A premiada chef paranaense fala sobre suas ideias a respeito da alimentação e sua valorização da gastronomia local

Manu Buffara vem colecionando prêmios e convites para eventos importantes na gastronomia desde que abriu seu restaurante em Curitiba, em 2011. A chef de 35 anos, nascida em Maringá, se notabilizou com uma cozinha autoral e criativa, baseada em produtos locais e apresentada em menus degustação no restaurante que leva seu nome na Alameda Dom Pedro II, no Batel.

Sua cozinha também começou a ganhar visibilidade fora do país. Em abril, Manu foi convidada para participar da conferência Worlds of Flavor, organizada pelo Instituto Culinário da América (CIA) em Napa Valley, na Califórnia. É um dos eventos de gastronomia mais importantes do mundo e o único chef brasileiro a participar até então havia sido Alex Atala.

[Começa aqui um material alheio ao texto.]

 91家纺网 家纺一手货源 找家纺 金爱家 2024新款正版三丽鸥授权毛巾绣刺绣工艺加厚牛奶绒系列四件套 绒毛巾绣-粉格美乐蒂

Pouco depois de voltar ao Brasil, a chef conversou com a reportagem em uma das mesas do Manu. Ela falou sobre como é “levar a bandeira” de Curitiba e do Paraná para onde vai — o que inclui, por exemplo, falar sobre o seu trabalho com a Horta Comunitária do Rio Bonito, no Tatuquara, que ganhou uma importância central em sua vida. “As comunidades com que trabalho são o que me faz acordar todos os dias”, diz.

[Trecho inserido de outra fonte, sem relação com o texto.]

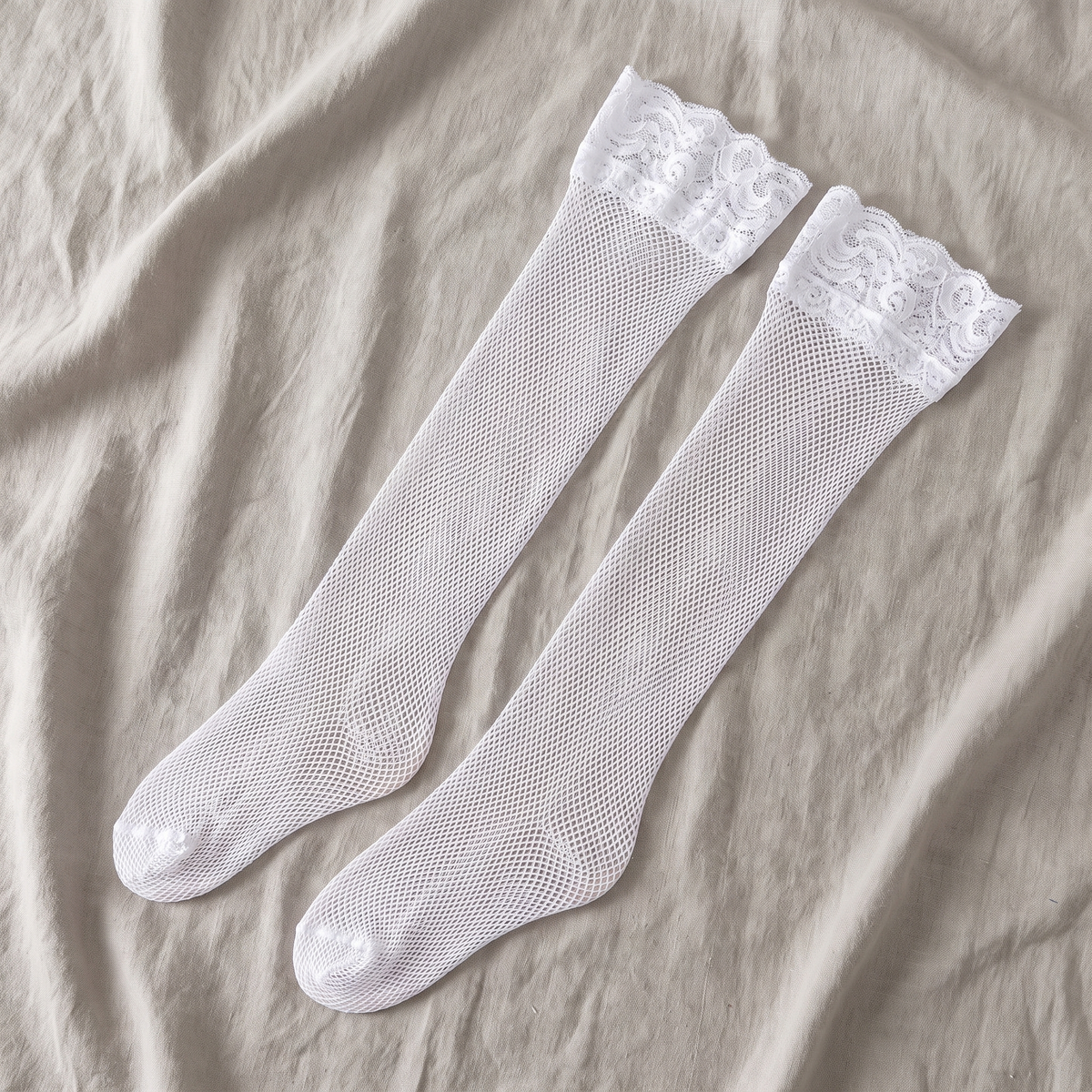 Avéline Lace-Trim Fishnet Stockings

Na entrevista a seguir, Manu também fala sobre suas ideias na cozinha, a importância de uma cultura alimentar consciente e a reeducação alimentar pela qual passou. Leia os principais trechos:

Onde você está buscando ideias para criar seus pratos hoje?
Faço pesquisa de desenvolvimento de produtos. São ingredientes comuns, que as pessoas usam, mas com uma forma diferente de servir. Gosto muito de transformá-los em algo que faça as pessoas se perguntarem o que é, que sabor é esse, de onde vem. Isso é o que mais me apaixona. Tento fazer algumas coisas fora dos parâmetros, mas, realmente, sempre com o sabor em primeiro lugar. Busco o que a gente chama de umami, o sabor do centro da língua. É quando você fala: “Uau”.

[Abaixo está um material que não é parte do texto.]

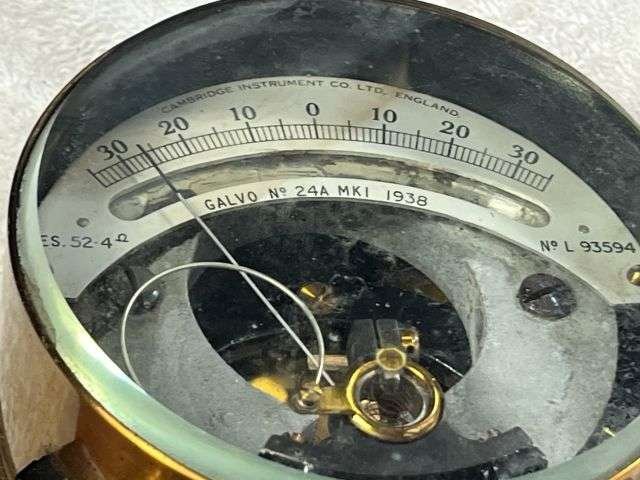 16) Lovely Original British Army Galvanometer No24A MkI & Leather Case Dated 1938 — image 6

Foi um desafio convencer as pessoas com esse conceito de gastronomia por aqui?
Nunca vou esquecer uma vez em que tive que apresentar um prato num curso que fazia por volta dos 18 anos. O chef disse: “Isso é para capa de revista. Não é vendável”. Era um prato com várias coisinhas — tipo um menu degustação, tudo bonitinho. Ele disse que não dava para fazer um prato daquele jeito para todo mundo. Hoje em dia eu só faço isso. [Risos]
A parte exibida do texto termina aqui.